Responses to the AI risks deemed high priority as identified by the Map function, are developed, planned, and documented. Risk response options can include mitigating, transferring, avoiding, or accepting.

>About

Outcomes from GOVERN-1, MAP-5 and MEASURE-2, can be used to address and document identified risks based on established risk tolerances. Organizations can follow existing regulations and guidelines for risk criteria, tolerances and responses established by organizational, domain, discipline, sector, or professional requirements. In lieu of such guidance, organizations can develop risk response plans based on strategies such as accepted model risk management, enterprise risk management, and information sharing and disclosure practices.

>Suggested Actions

  • Observe regulatory and established organizational, sector, discipline, or professional standards and requirements for applying risk tolerances within the organization.
  • Document procedures for acting on AI system risks related to trustworthiness characteristics.
  • Prioritize risks involving physical safety, legal liabilities, regulatory compliance, and negative impacts on individuals, groups, or society.
  • Identify risk response plans and resources and organizational teams for carrying out response functions.
  • Store risk management and system documentation in an organized, secure repository that is accessible by relevant AI Actors and appropriate personnel.

>Documentation Guidance

Organizations can document the following

  • Has the system been reviewed to ensure the AI system complies with relevant laws, regulations, standards, and guidance?
  • To what extent has the entity defined and documented the regulatory environment—including minimum requirements in laws and regulations?
  • Did your organization implement a risk management system to address risks involved in deploying the identified AI solution (e.g. personnel risk or changes to commercial objectives)?

AI Transparency Resources

  • GAO-21-519SP - Artificial Intelligence: An Accountability Framework for Federal Agencies & Other Entities.
  • Datasheets for Datasets.

>References

Arvind Narayanan.
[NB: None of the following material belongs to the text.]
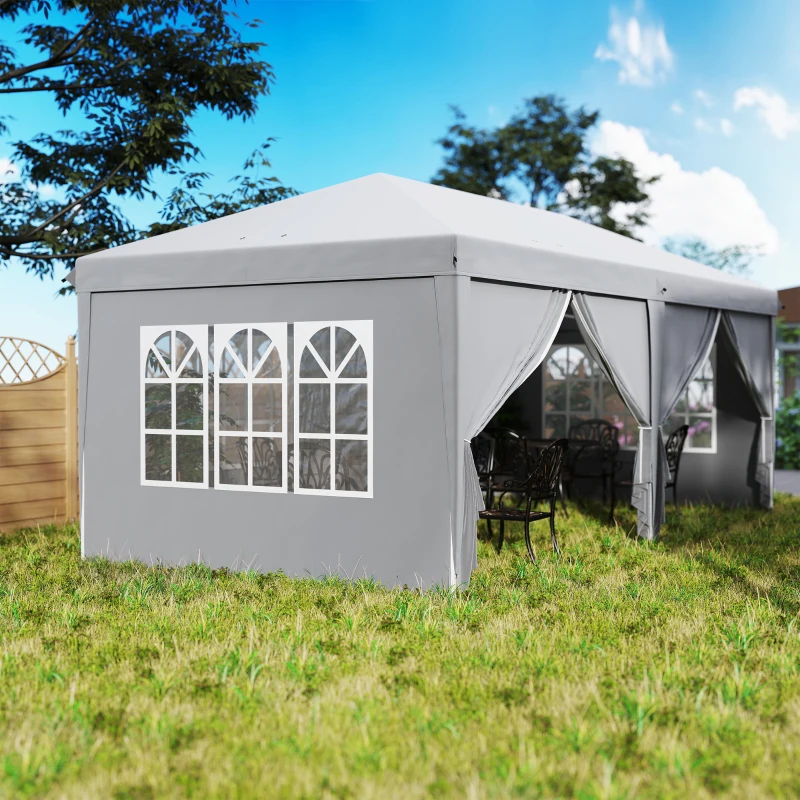 Outsunny Popup-Gartenpavillon Faltbarer Pavillon 6 x 3 x 2,7 m 4 abnehmbare Seitenwände 4 Fenster Transporttasche Hellgrau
How to recognize AI snake oil. Retrieved October 15, 2022.

Board of Governors of the Federal Reserve System. SR 11-7: Guidance on Model Risk Management. (April 4, 2011).

Emanuel Moss, Elizabeth Watkins, Ranjit Singh, Madeleine Clare Elish, Jacob Metcalf. 2021. Assembling Accountability: Algorithmic Impact Assessment for the Public Interest. (June 29, 2021).
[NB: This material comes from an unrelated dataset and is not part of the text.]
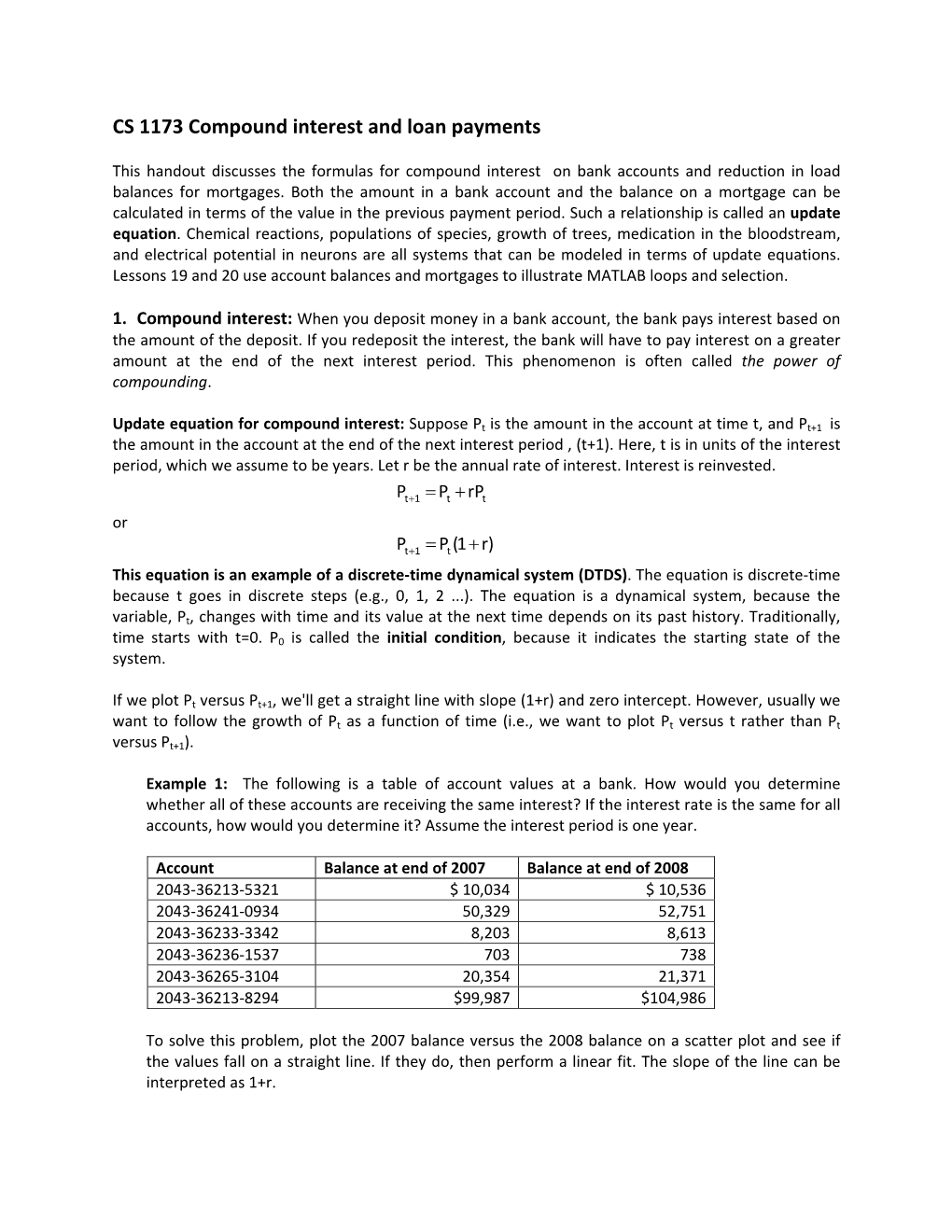 CS 1173 Compound Interest and Loan Payments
Fraser, Henry L and Bello y Villarino, Jose-Miguel, Where Residual Risks Reside: A Comparative Approach to Art 9(4) of the European Union's Proposed AI Regulation (September 30, 2021). LINK,

Microsoft. 2022. Microsoft Responsible AI Impact Assessment Template. (June 2022).

Office of the Comptroller of the Currency. 2021. Comptroller's Handbook: Model Risk Management, Version 1.0, August 2021.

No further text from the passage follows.